A Measurement-Calibrated AI-Assisted Digital Twin for Terahertz Wireless Data Centers
This work addresses the problem of complex indoor channel modeling for terahertz wireless data centers, which is incremental as it combines existing techniques like ray-tracing and neural fields with new measurements.
The authors tackled the challenge of accurate channel characterization and system-level performance evaluation for terahertz wireless data centers by developing a measurement-calibrated AI-assisted digital twin framework, which integrates channel measurements, ray-tracing, and implicit neural field modeling to generate comprehensive RF maps for analysis and decisions.
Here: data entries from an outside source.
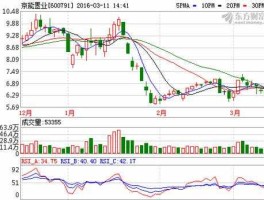 京能置业股票，北京房地产股票有哪些？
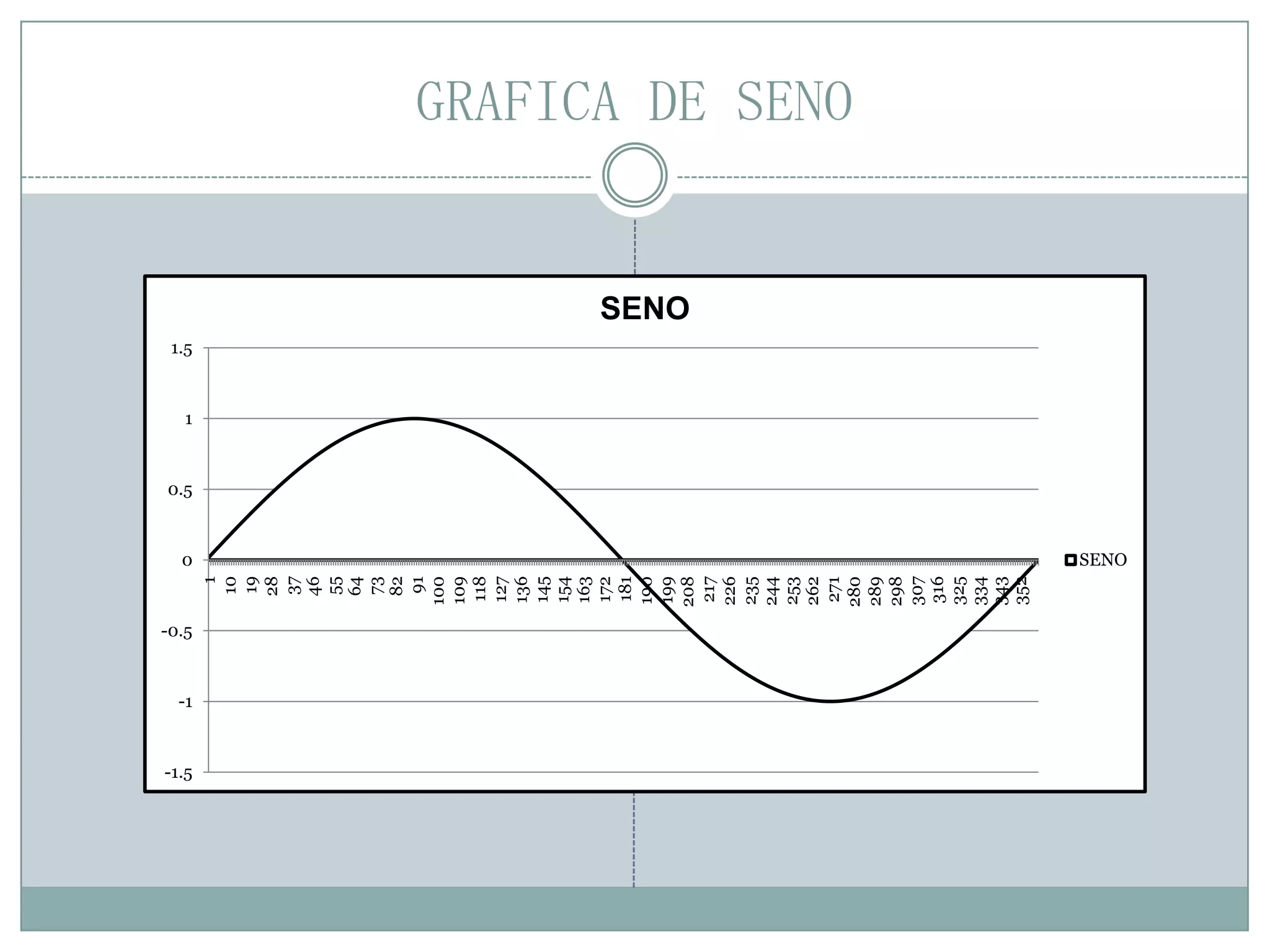 Sen0 Graficar funciones trigonometricas | PPTX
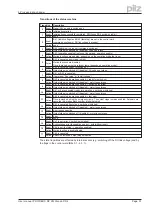 Preview for 37 page of Pilz Motion Control PMC User Manual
Terahertz (THz) wireless communication has emerged as a promising solution for future data center interconnects; however, accurate channel characterization and system-level performance evaluation in complex indoor environments remain challenging. In this work, a measurement-calibrated AI-assisted digital twin (DT) framework is developed for THz wireless data centers by tightly integrating channel measurements, ray-tracing (RT), and implicit neural field (INF) modeling. Specifically, channel measurements are first conducted using a vector network analyzer at 300 GHz under both line-of-sight (LoS) and non-line-of-sight (NLoS) scenarios. RT simulations performed on the Sionna platform capture the dominant multipath structures and show good consistency with measured results. Building upon measurement and RT data, an RT-conditioned INF is developed to construct a continuous radio-frequency (RF) field representation, enabling accurate prediction in RT-missing NLoS regions. The comprehensive RF map generated by DT can provide system-level analysis and decisions for wireless data centers.